***** Records supplied

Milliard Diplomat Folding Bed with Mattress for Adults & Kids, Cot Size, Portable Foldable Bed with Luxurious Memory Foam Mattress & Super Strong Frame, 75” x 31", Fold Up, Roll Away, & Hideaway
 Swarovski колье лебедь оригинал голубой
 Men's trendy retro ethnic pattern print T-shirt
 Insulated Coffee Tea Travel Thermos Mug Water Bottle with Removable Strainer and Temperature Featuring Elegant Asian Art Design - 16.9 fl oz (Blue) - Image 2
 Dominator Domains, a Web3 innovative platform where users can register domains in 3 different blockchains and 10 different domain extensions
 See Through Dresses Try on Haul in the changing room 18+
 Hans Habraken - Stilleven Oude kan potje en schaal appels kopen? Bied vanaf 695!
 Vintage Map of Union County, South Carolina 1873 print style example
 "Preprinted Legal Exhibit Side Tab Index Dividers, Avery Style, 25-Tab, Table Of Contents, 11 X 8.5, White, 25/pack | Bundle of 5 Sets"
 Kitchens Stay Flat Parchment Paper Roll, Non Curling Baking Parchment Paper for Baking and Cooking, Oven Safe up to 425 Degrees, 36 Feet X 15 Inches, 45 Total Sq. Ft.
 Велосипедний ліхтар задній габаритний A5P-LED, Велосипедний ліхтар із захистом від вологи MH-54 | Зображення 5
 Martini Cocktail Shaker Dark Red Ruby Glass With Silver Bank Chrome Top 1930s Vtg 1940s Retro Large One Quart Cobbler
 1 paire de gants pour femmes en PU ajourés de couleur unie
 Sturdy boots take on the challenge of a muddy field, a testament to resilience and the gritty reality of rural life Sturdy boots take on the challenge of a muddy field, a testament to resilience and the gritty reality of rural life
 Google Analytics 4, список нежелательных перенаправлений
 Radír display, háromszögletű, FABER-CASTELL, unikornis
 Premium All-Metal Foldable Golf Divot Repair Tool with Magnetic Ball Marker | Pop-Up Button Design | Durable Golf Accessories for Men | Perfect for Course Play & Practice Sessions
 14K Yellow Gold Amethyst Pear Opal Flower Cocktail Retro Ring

**********

▶ [Problem statement]: Retype the data precisely.

▶ [Answer box]:
Milliard Diplomat Folding Bed with Mattress for Adults & Kids, Cot Size, Portable Foldable Bed with Luxurious Memory Foam Mattress & Super Strong Frame, 75” x 31", Fold Up, Roll Away, & Hideaway
 Swarovski колье лебедь оригинал голубой
 Men's trendy retro ethnic pattern print T-shirt
 Insulated Coffee Tea Travel Thermos Mug Water Bottle with Removable Strainer and Temperature Featuring Elegant Asian Art Design - 16.9 fl oz (Blue) - Image 2
 Dominator Domains, a Web3 innovative platform where users can register domains in 3 different blockchains and 10 different domain extensions
 See Through Dresses Try on Haul in the changing room 18+
 Hans Habraken - Stilleven Oude kan potje en schaal appels kopen? Bied vanaf 695!
 Vintage Map of Union County, South Carolina 1873 print style example
 "Preprinted Legal Exhibit Side Tab Index Dividers, Avery Style, 25-Tab, Table Of Contents, 11 X 8.5, White, 25/pack | Bundle of 5 Sets"
 Kitchens Stay Flat Parchment Paper Roll, Non Curling Baking Parchment Paper for Baking and Cooking, Oven Safe up to 425 Degrees, 36 Feet X 15 Inches, 45 Total Sq. Ft.
 Велосипедний ліхтар задній габаритний A5P-LED, Велосипедний ліхтар із захистом від вологи MH-54 | Зображення 5
 Martini Cocktail Shaker Dark Red Ruby Glass With Silver Bank Chrome Top 1930s Vtg 1940s Retro Large One Quart Cobbler
 1 paire de gants pour femmes en PU ajourés de couleur unie
 Sturdy boots take on the challenge of a muddy field, a testament to resilience and the gritty reality of rural life Sturdy boots take on the challenge of a muddy field, a testament to resilience and the gritty reality of rural life
 Google Analytics 4, список нежелательных перенаправлений
 Radír display, háromszögletű, FABER-CASTELL, unikornis
 Premium All-Metal Foldable Golf Divot Repair Tool with Magnetic Ball Marker | Pop-Up Button Design | Durable Golf Accessories for Men | Perfect for Course Play & Practice Sessions
 14K Yellow Gold Amethyst Pear Opal Flower Cocktail Retro Ring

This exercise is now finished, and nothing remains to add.